Reproduce, exactly and in full, the lines from the one with "Wheat Beige Metallic" through the one with "Тумба под раковину" in the data below; drop pictures.

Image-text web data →
──────────────────────────────
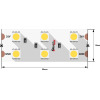 Светодиодная лента DesignLed Лента светодиодная LUX, 5050, 120 LED/м, 28,8 Вт/м, 24В, IP33, Холодный белый (6000K) [DSG5120-24-W-33]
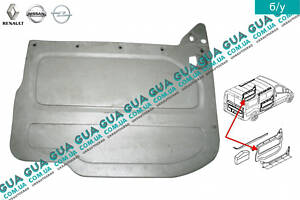 Обшивка двери боковой левой раздвижной ( карта, панель ) 7700313080 Nissan / НИССАН PRIMASTAR 2000- / ПРИМАСТАР 00-, Ope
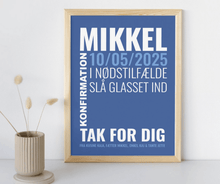 Indlæs billede til gallerivisning Personlig plakat til pengegave Plakana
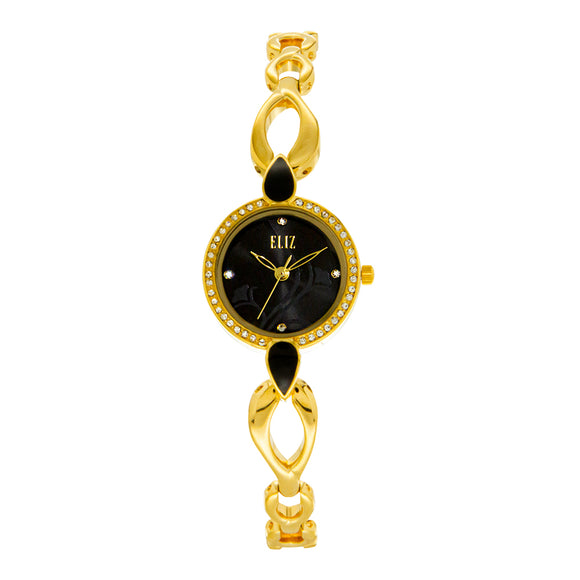 ELIZ ES8698L2GNG Gold SS Case Jewelry Bracelet Women's Watch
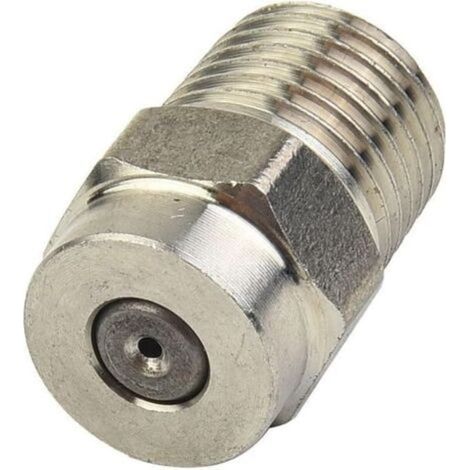 Pressure washer replacement nozzle designed for water broom and undercarriage cleaner with stainless steel construction and 4000 PSI (0°) rating (1/5)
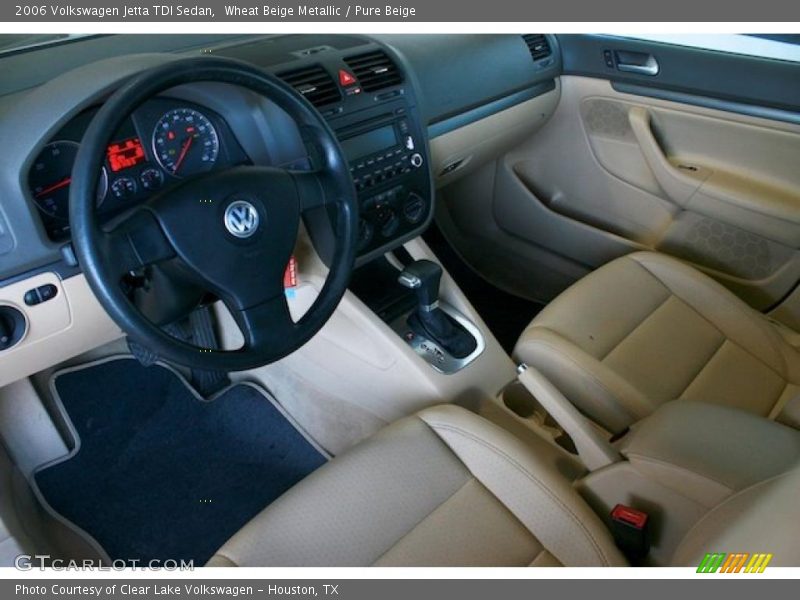 Wheat Beige Metallic / Pure Beige 2006 Volkswagen Jetta TDI Sedan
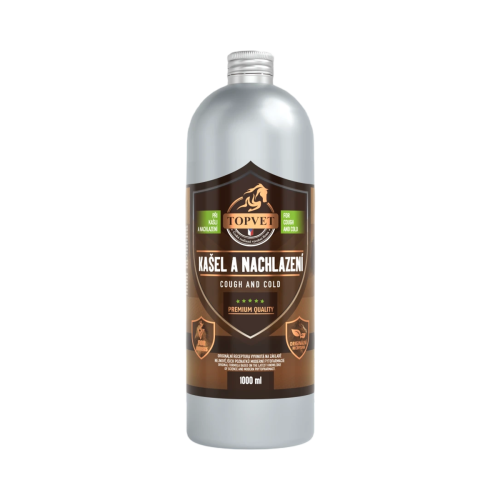 Sirup proti kašlu a nachladeniu pre kone 1000 ml – Green idea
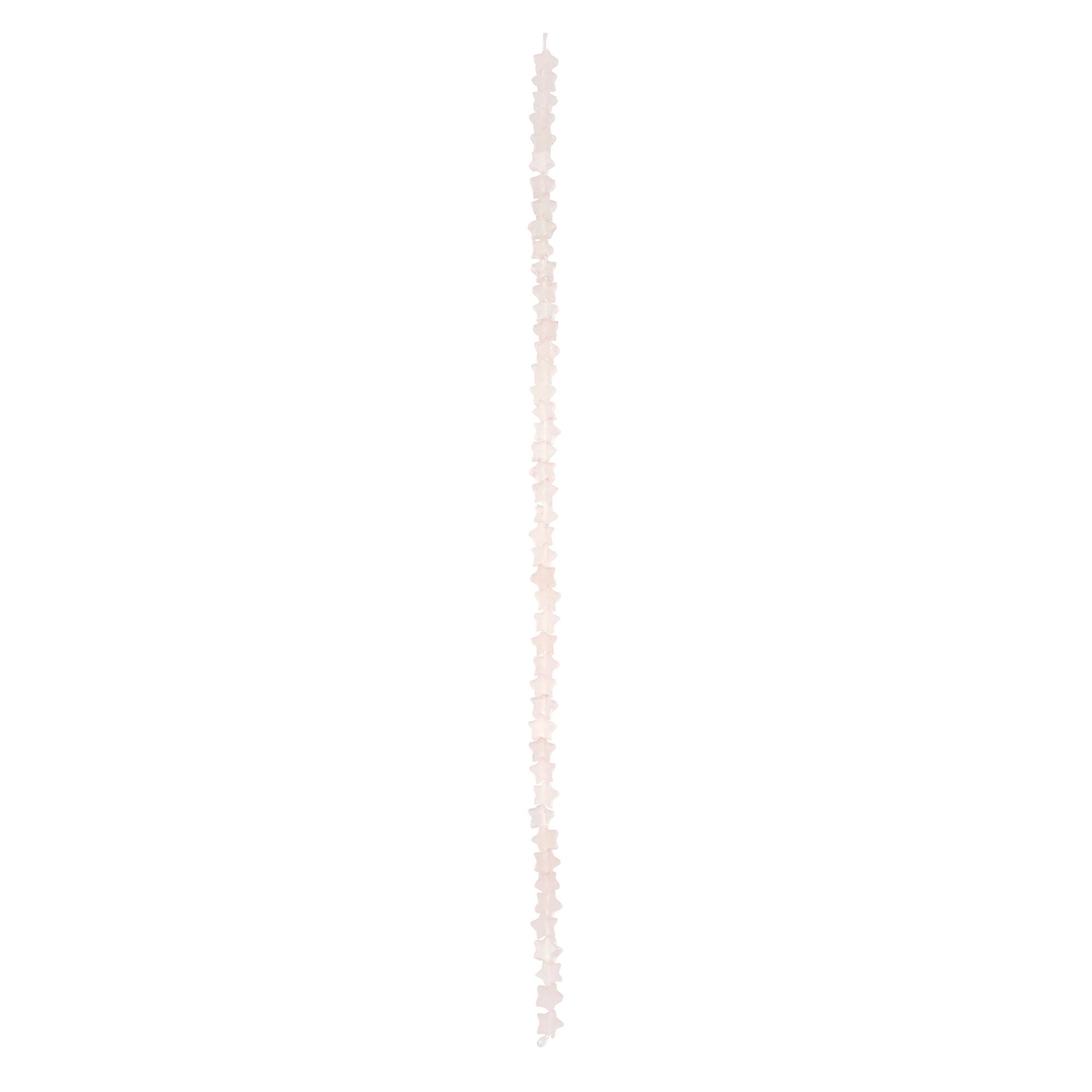 Pink Dyed Rose Quartz Star Beads, 4mm by Bead Landing™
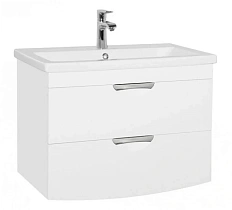 Тумба под раковину подвесная Style Line Жасмин-2 75 см белая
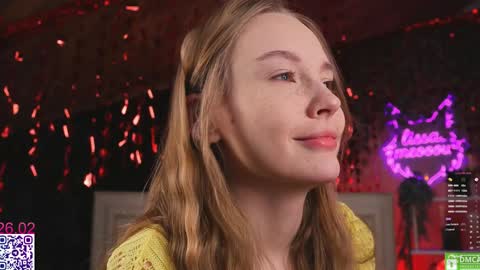 Snapshot of lissa_meooow chatting on February 26, 2026, 8:24 am your Liza again. Next stream Dec. 1 at 2 or 3 GMT online show from February 26, 2026, 8:24 am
──────────────────────────────
Completed exercise →
 Wheat Beige Metallic / Pure Beige 2006 Volkswagen Jetta TDI Sedan
 Sirup proti kašlu a nachladeniu pre kone 1000 ml – Green idea
 Pink Dyed Rose Quartz Star Beads, 4mm by Bead Landing™
 Тумба под раковину подвесная Style Line Жасмин-2 75 см белая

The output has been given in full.